厳密に比較したわけじゃないですが、足についてはMGゼータVer.2.0とほぼ変わってないかな、と思います。

 

足首もパーツ色分けが細かいです。こういうのは無塗装でも全塗装でも、どちらもメリット多くて良いですね。

 

 

バックパックの制作です。

ここも従来のゼータ変形機構とほぼ同じです。

 

固定用のラッチがついてるのですが、そのラッチ自体がユラユラしてるのでラッチをはめるのが難しい。20年前のMG Ex-Sではきちんと固定できてたので、20年後の今ならもっと上手にできるはず、と思うのですが、いかがでしょうか。

 

ライフルです。

ライフルは、最新キットの割には精度が低いです。

 

グリップの保持力は良いです。グリップが前に倒れるのでライフルが持ちやすいのも良いです。ただしこの持ち方だとライフルが下向き逆向きになってしまいます。ポージングが不自然になる。

 

ライフルを良い角度にするには脇に抱えるのが良いのですが、脇のクリアランスがないのでこのポージングは実際できないです。ムリにやろうとすると脇が開きすぎます。これについてはほぼ全部のガンプラで解決されてない問題です。ちなみに、いくつかのキットでは上手にアレンジされてるので、できないわけじゃないんですよね。やればできるはずなのですが。

 

 

あとライフルの金型はエッジの処理がとても雑です。20年昔のキットと比べても、かなり品質低い。最新キットなのに、どうして??

僕は昔、自衛隊戦闘機の設計・製造・整備をやってました。人の命に直結する部分です。基本的にはプラモデル設計も架空兵器ガンダムも設計の基本は同じなんです。

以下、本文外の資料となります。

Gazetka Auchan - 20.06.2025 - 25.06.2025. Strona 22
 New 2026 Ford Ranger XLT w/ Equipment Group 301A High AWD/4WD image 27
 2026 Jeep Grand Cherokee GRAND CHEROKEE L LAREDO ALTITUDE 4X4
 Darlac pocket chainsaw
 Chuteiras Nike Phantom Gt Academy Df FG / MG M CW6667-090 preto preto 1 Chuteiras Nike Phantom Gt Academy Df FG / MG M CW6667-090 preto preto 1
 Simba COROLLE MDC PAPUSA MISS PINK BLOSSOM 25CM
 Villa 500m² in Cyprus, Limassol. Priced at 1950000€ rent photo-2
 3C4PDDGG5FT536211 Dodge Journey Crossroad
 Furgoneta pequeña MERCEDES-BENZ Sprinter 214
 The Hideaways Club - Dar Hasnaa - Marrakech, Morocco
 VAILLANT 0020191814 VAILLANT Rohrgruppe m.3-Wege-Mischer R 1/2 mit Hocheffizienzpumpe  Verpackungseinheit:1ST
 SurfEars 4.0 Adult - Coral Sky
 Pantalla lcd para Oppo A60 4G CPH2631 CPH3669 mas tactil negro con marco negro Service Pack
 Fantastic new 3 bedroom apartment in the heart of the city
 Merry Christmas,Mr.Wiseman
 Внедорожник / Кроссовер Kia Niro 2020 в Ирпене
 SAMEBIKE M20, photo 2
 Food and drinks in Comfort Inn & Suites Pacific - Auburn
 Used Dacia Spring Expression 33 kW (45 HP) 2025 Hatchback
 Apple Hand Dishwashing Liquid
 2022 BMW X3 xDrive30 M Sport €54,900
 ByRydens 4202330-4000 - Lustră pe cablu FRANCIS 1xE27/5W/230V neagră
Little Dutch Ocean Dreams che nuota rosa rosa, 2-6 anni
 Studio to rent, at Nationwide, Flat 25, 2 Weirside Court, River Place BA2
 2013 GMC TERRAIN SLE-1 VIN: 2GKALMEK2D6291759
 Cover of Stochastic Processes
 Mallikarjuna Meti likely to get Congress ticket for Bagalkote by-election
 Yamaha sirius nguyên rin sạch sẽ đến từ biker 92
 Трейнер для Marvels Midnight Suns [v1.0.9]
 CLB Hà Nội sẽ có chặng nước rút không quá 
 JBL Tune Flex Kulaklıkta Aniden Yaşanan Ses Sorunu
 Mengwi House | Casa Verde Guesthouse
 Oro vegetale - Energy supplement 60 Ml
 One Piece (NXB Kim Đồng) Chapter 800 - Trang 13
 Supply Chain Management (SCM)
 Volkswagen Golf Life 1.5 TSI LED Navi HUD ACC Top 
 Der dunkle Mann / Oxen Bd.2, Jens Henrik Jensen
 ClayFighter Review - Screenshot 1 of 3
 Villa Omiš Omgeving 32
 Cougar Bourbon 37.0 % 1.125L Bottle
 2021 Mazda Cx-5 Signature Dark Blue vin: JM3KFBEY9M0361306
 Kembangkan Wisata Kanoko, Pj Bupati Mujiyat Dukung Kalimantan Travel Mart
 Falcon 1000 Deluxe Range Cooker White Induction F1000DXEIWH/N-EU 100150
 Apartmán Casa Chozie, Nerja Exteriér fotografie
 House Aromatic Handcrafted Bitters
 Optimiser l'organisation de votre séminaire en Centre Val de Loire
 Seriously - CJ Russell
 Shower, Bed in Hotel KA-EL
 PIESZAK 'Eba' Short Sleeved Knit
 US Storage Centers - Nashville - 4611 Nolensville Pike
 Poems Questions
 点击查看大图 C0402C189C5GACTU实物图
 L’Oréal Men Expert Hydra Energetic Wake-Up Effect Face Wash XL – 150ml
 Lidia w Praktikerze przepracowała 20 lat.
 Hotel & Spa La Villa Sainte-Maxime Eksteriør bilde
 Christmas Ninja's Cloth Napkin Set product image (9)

自分でも口うるさい老害だなと思いますが、どうしても「本気で良いものを作りたいなら、あとちょっと勉強すればいいのに」って思ってしまいます。

まぁでもプラモデルの場合は自分の好きなように変更できるので、そこが楽しいですね。僕がガンプラを製作改造するときは、脳内でMILスペック図面を製図しながら作ってます。体調を崩すほどリアルを知ってるので、それを模型製作にフィードバックしたいです。

 

とはいえ素晴らしい部分もあります。黄色の部分は完璧にパーツで色分けされてます。無塗装派も全塗装派も嬉しい。

 

 

シールドです。

直線と2次元曲面で構成されています。ちなみにMGゼータ初代やゼータプラスは3次元曲面で構成されてます。似たようですが、ここの違いは大きいんですよね。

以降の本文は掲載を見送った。